Christine, Brian, and Anon it is a shame indeed. There simply IS no barrier in the liturgy to the Word of God doing its faith-gifting task; and it is an alien theology that insists that the Word + is what does the job. That's finally a confession of the + and not the Word!
Well, enough from me for the moment. Thanks for the conversations.
Pr. Weedon,
Describe the "multiplicity of the other side", please. (I suspect the gathering was at least 2/3 "contempo", maybe more.)
Confessional Pastors I know have described being outnumbered and treated with condescension or contempt at district events. Some simply won't attend.
"Authority" is actively working against historical liturgical Lutheran practice. The missions they plant are no more "my" church than the Baptist, the Pentecostal... or the elca.
We laity are being robbed of our faith by being robbed of our faithful Pastors.
The framework for consistency was there. Someone quoted it above. Once, the Lutheran bodies in America used the "common service". Now you can't find two lcms churches in a large city liturgically Lutheran.
Why?
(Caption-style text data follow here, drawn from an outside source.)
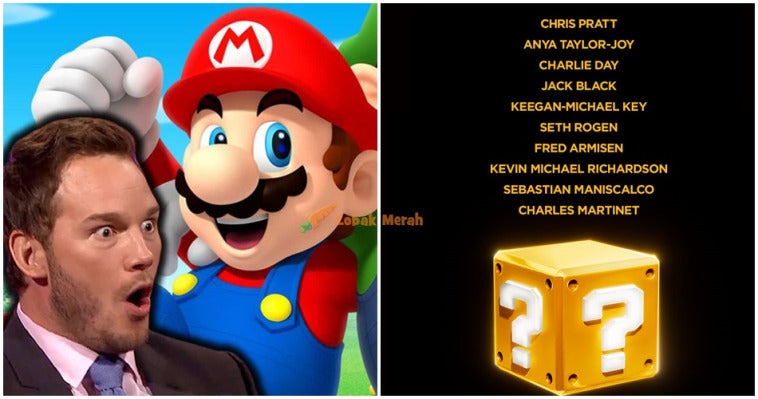 Chris Pratt Mario ft Image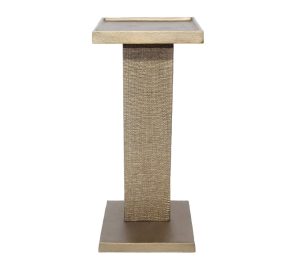 Bijzettafel Foley brass antique Richmond Interiors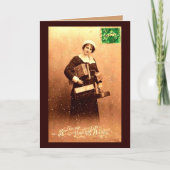 Bonne et Heureuse Annee Card Kaart (Voorkant)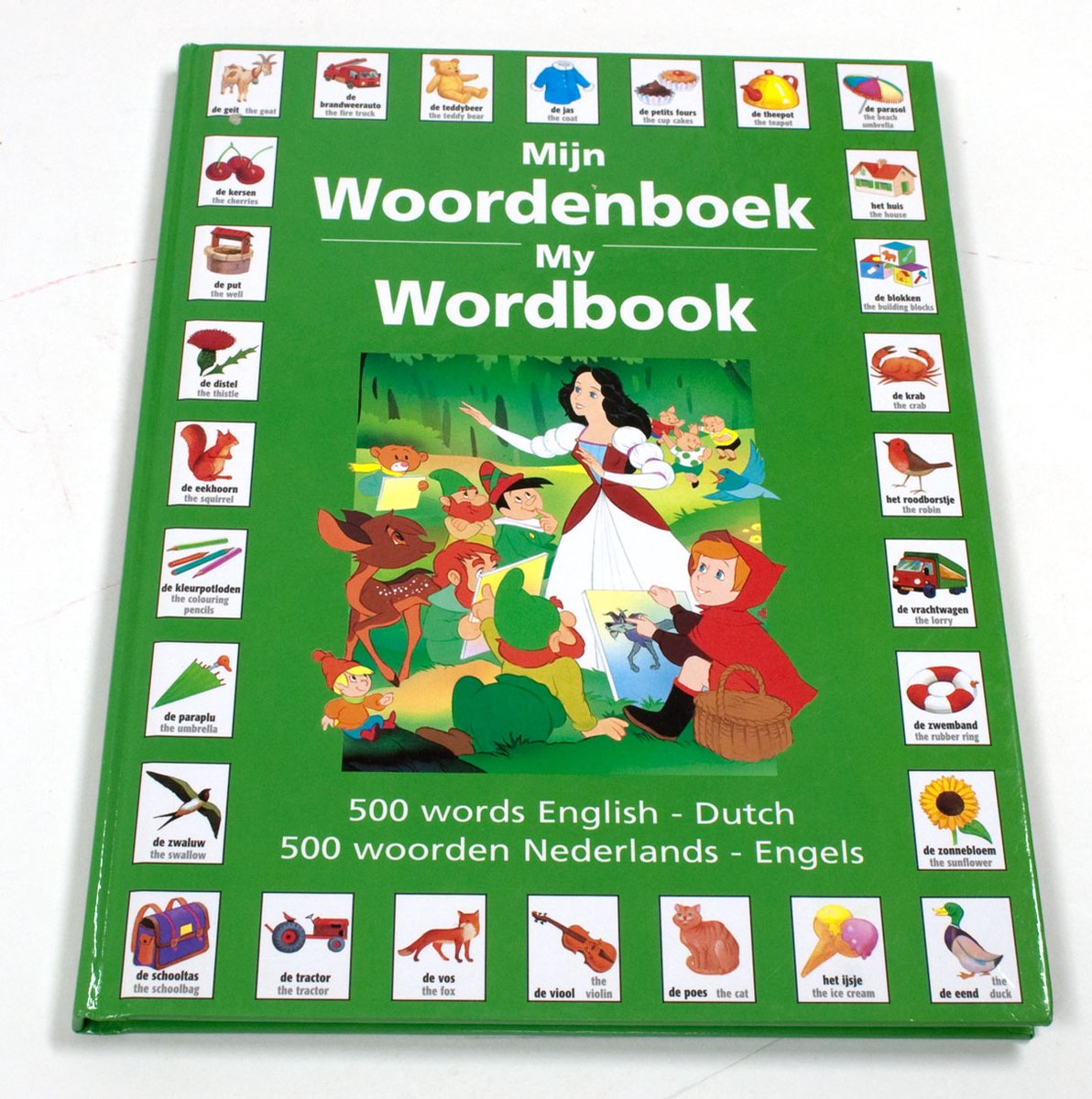 Mijn Woordenboek - My Wordbook - 500 Woorden Words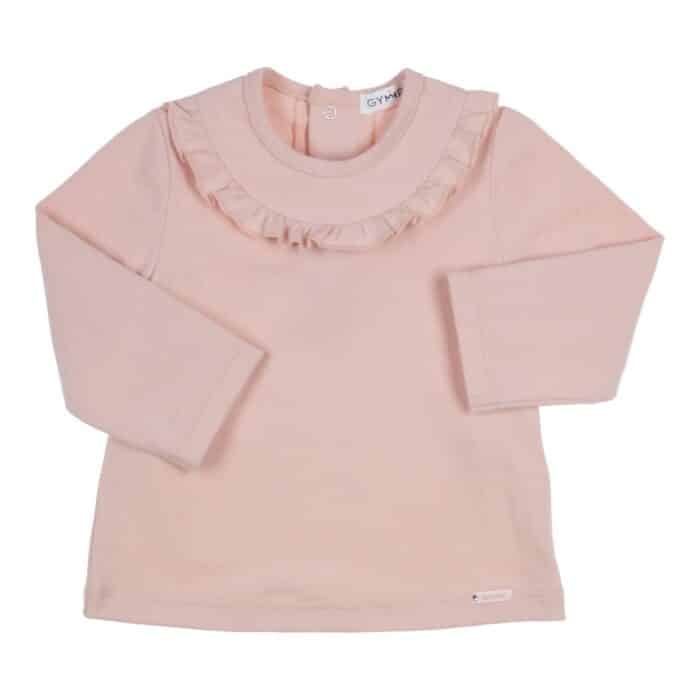 Gymp girls shirt 5580 oud roze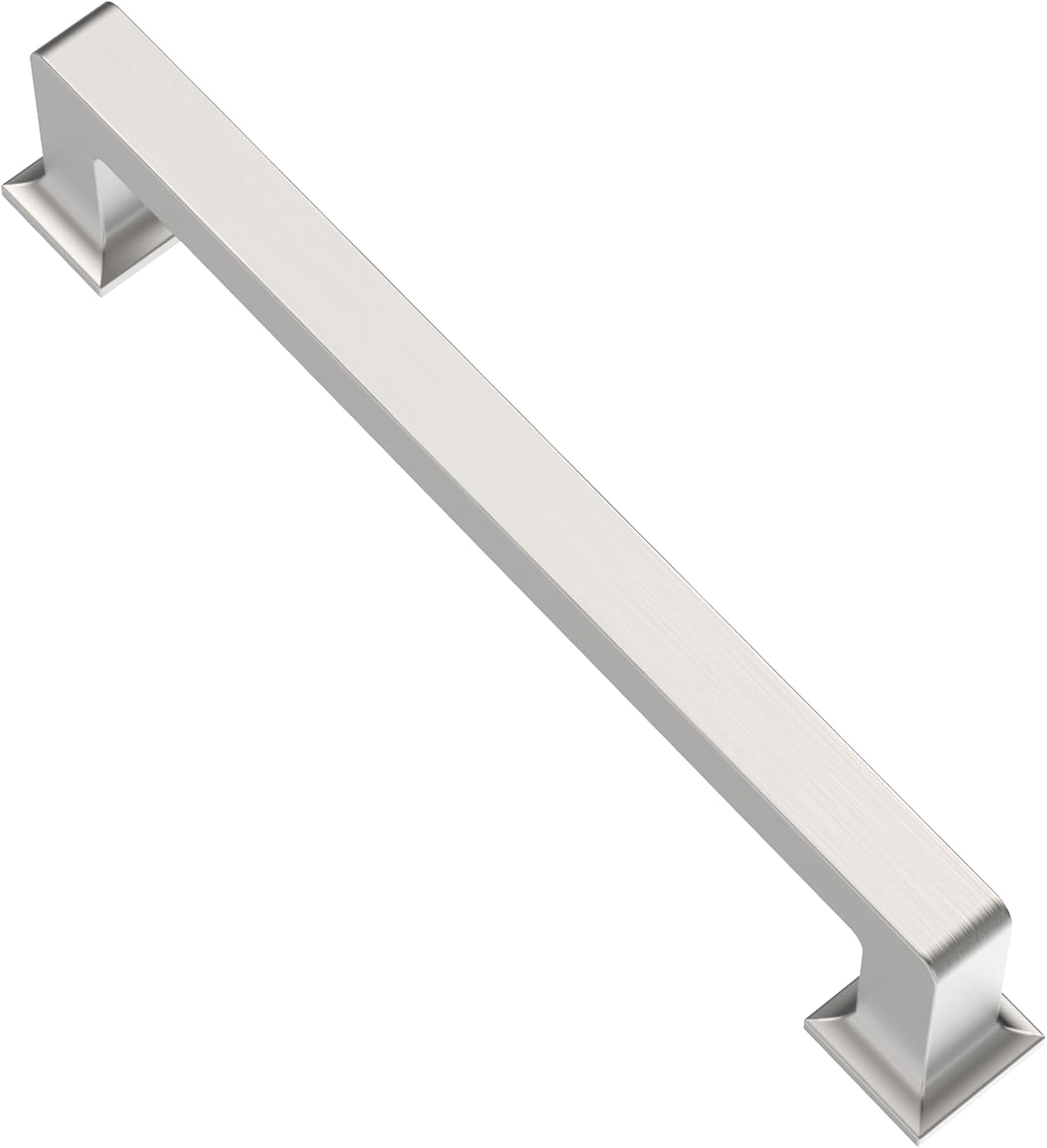 Brushed Satin Nickel Cabinet Pulls for Elegant Kitchen Style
What does "diversity" do for us?
Actually, the goal was to provide a contemporary worship pastor and a traditional pastor (and similar for musicians) from each district. I didn't have any sense that it was "unbalanced" as such.
The diversity struck me in that many times we're arguing against the substitution of Pentecostal Worship for that of the historic liturgy. But clearly there were things happening that have no place in either alternative. When a plate of warm, freshly baked cookies is used to scent the room so that it smells like home - that's NOT Pentecostal worship. I don't know what it is. That's what I meant. We've got a broader diversity going on than merely the praise band leading the choruses vs. singing the historic ordo of the Mass. Said another way: it's worse than I thought.
Warmly baked cookies? You're not serious, are you?
This puts a whole new spin on the old Jack Chic tract "Death Cookie." hahaha
Well, at least they know that in some way eating has to do with life in the family of God. We can grant them that much, I suppose.
Tom Fast
Father Hollywood,
Thanks for your insights. Your points are well taken.
Pastor Weedon,
Said another way: it's worse than I thought.
Ouch.
Which is why I am wondering if Confessional Lutherans will increasingly become an island in a synodical sea that is willing to wait us out.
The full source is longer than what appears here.